Service going out of fashion???
Service levels in the UK’s fashion retail sector are on the decline, despite the need to keep customers when there are fewer around with less to spend.
That is one of the findings in new research by performance measurement company Grass Roots.
It was found that although slight improvements have been made by staff to establish the needs of their customers (when compared with a previous survey carried out in 2005), significantly less initial assistance is being offered in store.
The survey found that 63% of customers were not offered assistance in the Fitting Room. Staff encouraged just one in five customers to make a purchase – the implications in terms of lost sales opportunities at the first point of contact and during the customer visit are alarming in these difficult times in retail.
Major findings of the study, carried out from 300 mystery shopper visits to 17 high street fashion chain, include:
Reduction in spending power — 62% anticipated that their spending on clothing would reduce in 2009 with 22% seeing the reduction as ‘considerable’. Only 34% of shoppers felt their expenditure would stay the same as 2008.
Time is of the essence — 79% of customers waited over three minutes to be approached by a staff member, a decline of 61% since 2005. The majority of customers (68%) were not approached at all.
Establishing customers needs — Some good news – retail staff are more proactively questioning customers to establish their requirements, an increase of 7% over 2005.
Happy to help — 85% of customers felt the staff member gave them a knowledgeable answer to their enquiry and 80% displayed good product knowledge. 91% of all staff were viewed as helpful and polite.
Fit to sell — Less than half of customers were offered assistance whilst using the Fitting Room. Only 20% of customers were encouraged to make a purchase and as few as 10% of staff suggested additional items to match or complement the article being tried on.
Likelihood to return — The probability of customers returning to a store they visited based on their service experience showed a minor decrease over 2005 to 81%. The number who would recommend the store to friends and family remains fairly consistent at 74%.
Nigel Cover, board director at Grass Roots commented: “We are all painfully aware of how tough it has become on the high street. Our study indicates a huge fall in the number of staff approaching a customer within three minutes of entering the store, which could be seen as a result of retailers having to cut back staff or a more timid approach in difficult times. Comments from our shoppers indicate that staff members are generally available, but they are failing to seize the opportunity to make a good first impression with customers. This is a worrying trend for retailers.

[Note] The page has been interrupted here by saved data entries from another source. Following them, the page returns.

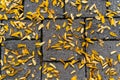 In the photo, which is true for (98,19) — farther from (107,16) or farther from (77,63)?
(77,63)

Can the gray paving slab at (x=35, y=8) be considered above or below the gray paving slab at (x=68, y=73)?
above

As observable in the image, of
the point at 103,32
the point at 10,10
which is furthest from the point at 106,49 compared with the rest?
the point at 10,10

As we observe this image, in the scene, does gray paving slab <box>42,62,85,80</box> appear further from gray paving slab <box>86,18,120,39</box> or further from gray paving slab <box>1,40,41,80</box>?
gray paving slab <box>86,18,120,39</box>

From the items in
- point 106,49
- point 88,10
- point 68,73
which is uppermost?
point 88,10

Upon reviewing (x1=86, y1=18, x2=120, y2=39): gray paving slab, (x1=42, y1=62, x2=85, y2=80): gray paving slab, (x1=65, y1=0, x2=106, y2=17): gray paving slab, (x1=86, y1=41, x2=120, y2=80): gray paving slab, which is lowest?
(x1=42, y1=62, x2=85, y2=80): gray paving slab

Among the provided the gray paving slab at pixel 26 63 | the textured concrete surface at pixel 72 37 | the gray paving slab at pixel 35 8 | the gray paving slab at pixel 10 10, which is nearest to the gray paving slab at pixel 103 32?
the textured concrete surface at pixel 72 37

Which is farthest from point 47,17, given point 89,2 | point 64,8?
point 89,2

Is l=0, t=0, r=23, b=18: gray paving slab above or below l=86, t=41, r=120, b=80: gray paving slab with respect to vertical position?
above

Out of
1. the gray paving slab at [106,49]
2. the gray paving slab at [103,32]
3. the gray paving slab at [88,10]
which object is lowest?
the gray paving slab at [106,49]

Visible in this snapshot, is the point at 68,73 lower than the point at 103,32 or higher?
lower

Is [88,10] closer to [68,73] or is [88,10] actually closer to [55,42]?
[55,42]

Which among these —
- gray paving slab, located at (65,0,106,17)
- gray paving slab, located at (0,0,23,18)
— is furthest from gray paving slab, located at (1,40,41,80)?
gray paving slab, located at (65,0,106,17)

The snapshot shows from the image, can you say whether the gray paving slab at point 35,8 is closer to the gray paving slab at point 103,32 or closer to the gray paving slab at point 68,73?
the gray paving slab at point 103,32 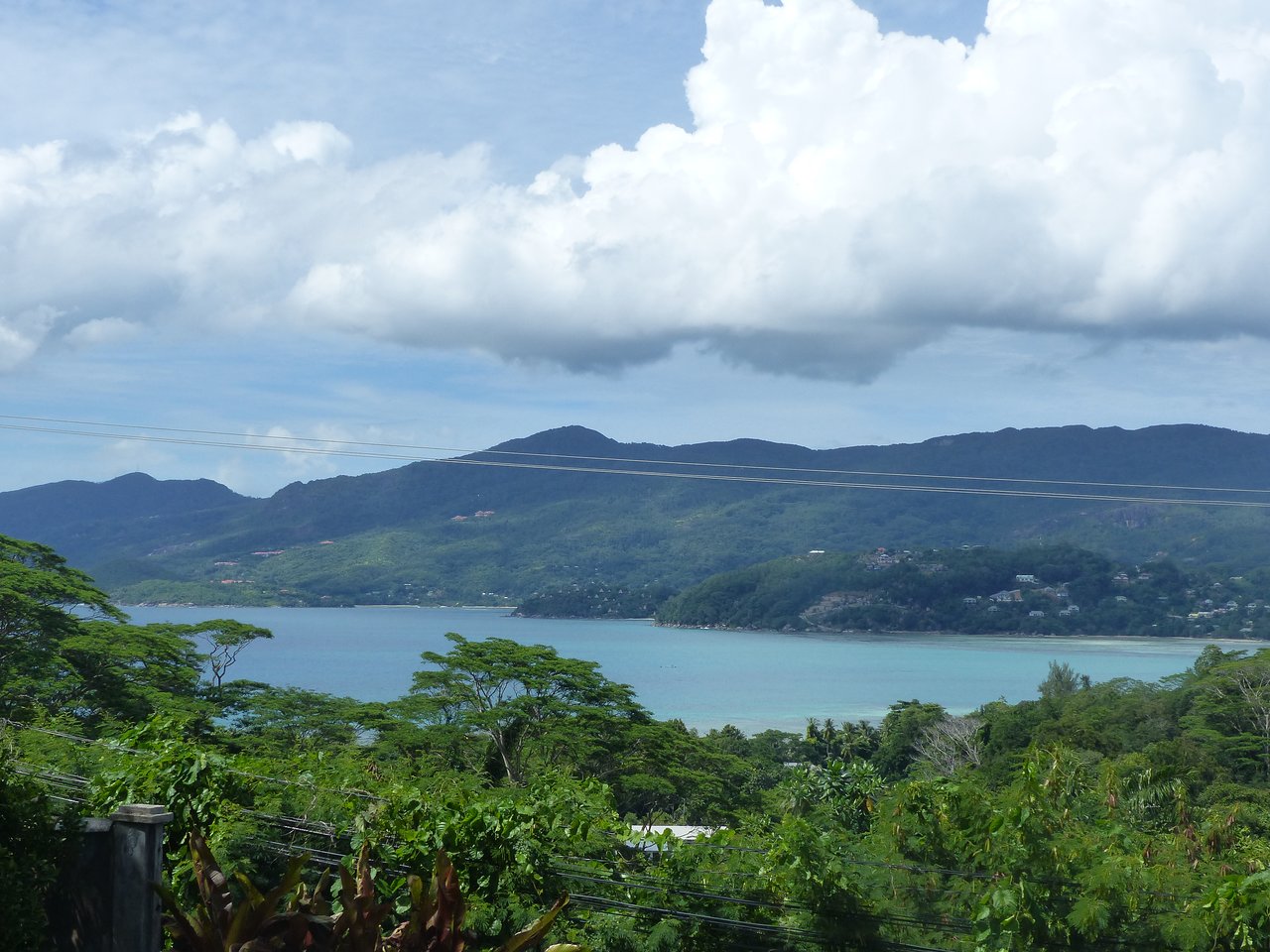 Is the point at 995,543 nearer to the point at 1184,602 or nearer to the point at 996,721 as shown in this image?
the point at 1184,602

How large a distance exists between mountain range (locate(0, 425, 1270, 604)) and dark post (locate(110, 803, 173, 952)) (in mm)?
103169

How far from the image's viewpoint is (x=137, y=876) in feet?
10.9

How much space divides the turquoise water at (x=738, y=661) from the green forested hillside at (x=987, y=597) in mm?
1738

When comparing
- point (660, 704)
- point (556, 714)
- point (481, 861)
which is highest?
point (481, 861)

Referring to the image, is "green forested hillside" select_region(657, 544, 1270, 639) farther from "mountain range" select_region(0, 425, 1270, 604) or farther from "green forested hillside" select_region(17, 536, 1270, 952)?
"green forested hillside" select_region(17, 536, 1270, 952)

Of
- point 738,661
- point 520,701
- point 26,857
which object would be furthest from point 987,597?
point 26,857

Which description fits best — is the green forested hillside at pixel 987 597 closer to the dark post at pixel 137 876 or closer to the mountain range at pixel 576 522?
the mountain range at pixel 576 522

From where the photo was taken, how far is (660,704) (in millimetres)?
58062

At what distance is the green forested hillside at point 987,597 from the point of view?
95250mm

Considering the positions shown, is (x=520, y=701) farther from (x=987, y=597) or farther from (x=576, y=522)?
(x=576, y=522)

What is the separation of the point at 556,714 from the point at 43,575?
8371 millimetres

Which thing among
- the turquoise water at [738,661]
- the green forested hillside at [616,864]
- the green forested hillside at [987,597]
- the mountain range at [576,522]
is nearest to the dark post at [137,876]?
the green forested hillside at [616,864]

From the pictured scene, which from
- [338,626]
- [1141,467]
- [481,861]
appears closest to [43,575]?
[481,861]

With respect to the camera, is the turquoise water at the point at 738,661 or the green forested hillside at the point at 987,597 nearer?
the turquoise water at the point at 738,661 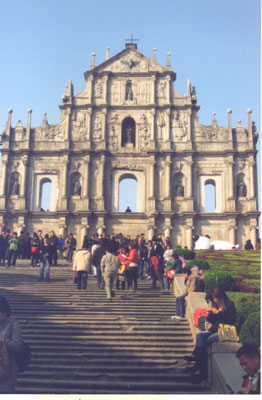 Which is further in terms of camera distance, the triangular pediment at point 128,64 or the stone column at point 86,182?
the triangular pediment at point 128,64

Only those that address key service issues will come out of recession with their customers intact and their employees motivated to deliver.”
The survey found that over 60% of shoppers will be spending less on fashion this year and that just over a quarter of all customers would not recommend the store they visited to friends and family. Cover said these are clear warning signs to retailers.
He added: “Those who invest in understanding the current needs of their customers and honing the knowledge and skills of their frontline staff accordingly, have the greatest opportunity to retain shopper loyalty albeit with their reduced spend, in today’s climate.”